Vancouver Housing Plunges While Toronto Real Estate Stabilizes

Vancouver housing sales plummet to a three-decade low, while the Toronto real estate market is stabilizing, with approximately the same number of units sold in March 2019 compared to March 2018.

The March update on home sales indicates the difference between Toronto and Vancouver real estate. As the Toronto market holds steady, the number of transactions in Vancouver dropped 31% in comparison to March 2018. The total number of houses sold was the lowest since 1986.
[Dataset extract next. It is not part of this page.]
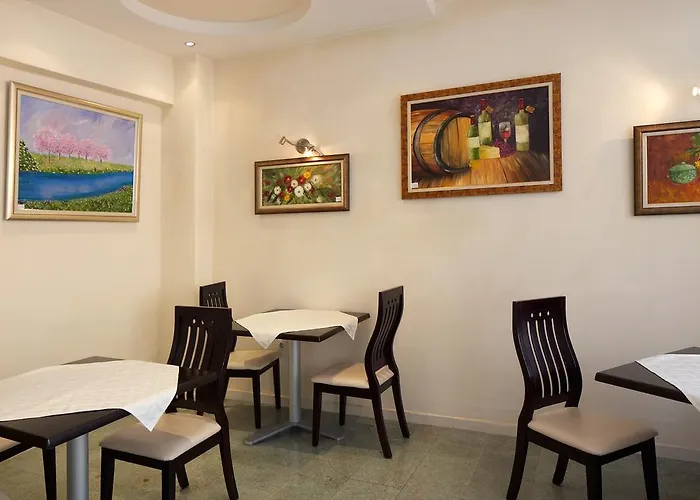 Otel Peshev Family 3*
A decrease in prices led industry observers and housing advocates to believe that buyers who had been priced out of the market and were waiting for an opportunity like this could finally get a chance at purchasing a home. However, Vancouver paints a different picture.
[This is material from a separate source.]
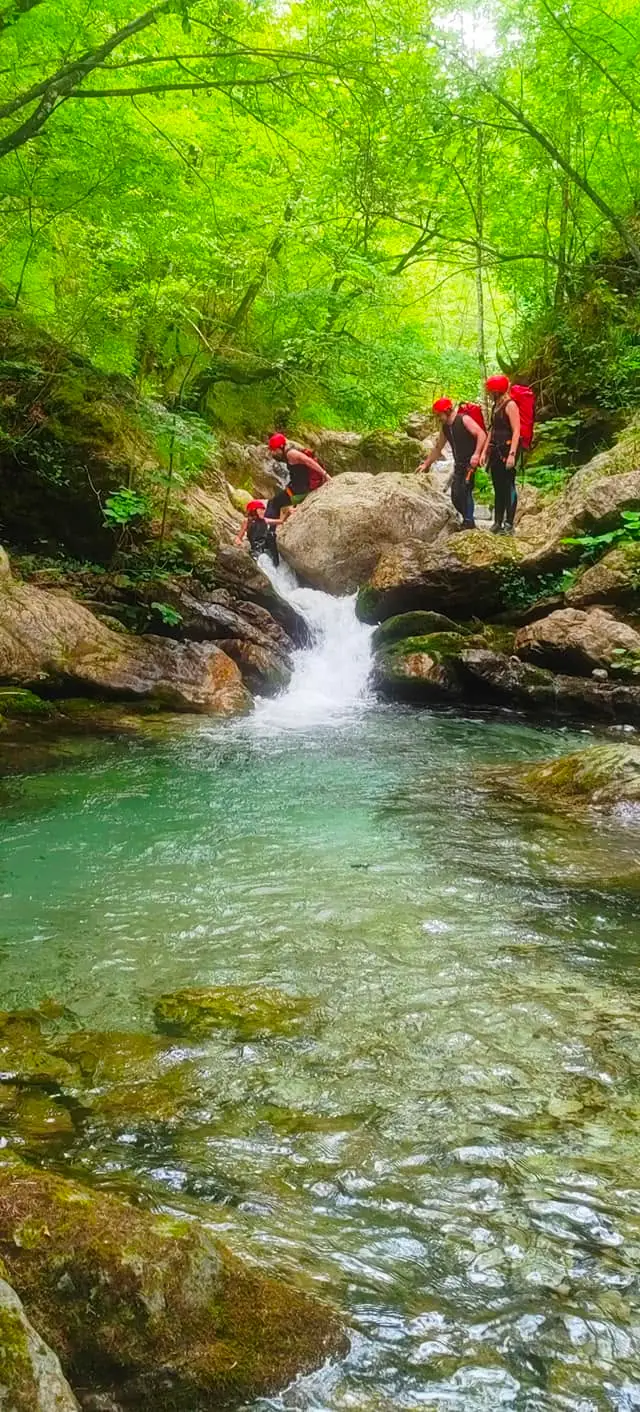 Rope descent in the canyon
Policy Changes Responsible for The Declining Market

Ashley Smith, president of the Real Estate Board of Greater Vancouver (REBGV), links the falling market to the regulatory changes imposed in the past years. The new transfer taxes and strict lending regulations have made it harder in the short term for potential buyers to purchase a home. Smith stated in The Financial Post that housing demand isn’t aligning with the growing economy and low unemployment rates.

The president of the Toronto Real Estate Board (TREB), Garry Bhaura, agrees with Smith. He blames the stress test and other policy changes for affecting home buyers’ capacity to qualify for a mortgage. The stress test that was introduced in 2018 requires buyers to qualify at a higher rate than the one contracted. Bhaura stated for BNN Bloomberg:

“TREB is still arguing that the stress test provisions and mortgage lending guidelines generally, including allowable amortization periods for insured mortgages, should be reviewed.”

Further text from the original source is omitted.